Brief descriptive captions
_ _ _ _

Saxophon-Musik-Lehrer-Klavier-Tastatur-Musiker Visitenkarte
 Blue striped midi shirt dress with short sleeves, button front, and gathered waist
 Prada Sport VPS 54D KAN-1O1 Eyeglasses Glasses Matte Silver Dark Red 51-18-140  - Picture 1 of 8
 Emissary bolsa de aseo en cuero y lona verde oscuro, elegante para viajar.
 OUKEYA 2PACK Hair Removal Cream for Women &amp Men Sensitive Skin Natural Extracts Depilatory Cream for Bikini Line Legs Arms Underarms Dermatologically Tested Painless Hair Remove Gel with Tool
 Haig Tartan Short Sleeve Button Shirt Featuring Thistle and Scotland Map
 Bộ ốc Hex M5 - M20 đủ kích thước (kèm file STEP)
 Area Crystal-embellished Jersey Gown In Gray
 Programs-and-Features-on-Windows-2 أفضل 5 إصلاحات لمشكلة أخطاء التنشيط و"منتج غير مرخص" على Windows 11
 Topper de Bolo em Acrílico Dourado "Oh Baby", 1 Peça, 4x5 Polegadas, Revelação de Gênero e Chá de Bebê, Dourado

_ _ _ _

→ REQUIRED ACTION:
Identify each line in the records above containing the word "with"; copy those lines.

→ RESPONSE TO THIS TASK:
 Blue striped midi shirt dress with short sleeves, button front, and gathered waist
 OUKEYA 2PACK Hair Removal Cream for Women &amp Men Sensitive Skin Natural Extracts Depilatory Cream for Bikini Line Legs Arms Underarms Dermatologically Tested Painless Hair Remove Gel with Tool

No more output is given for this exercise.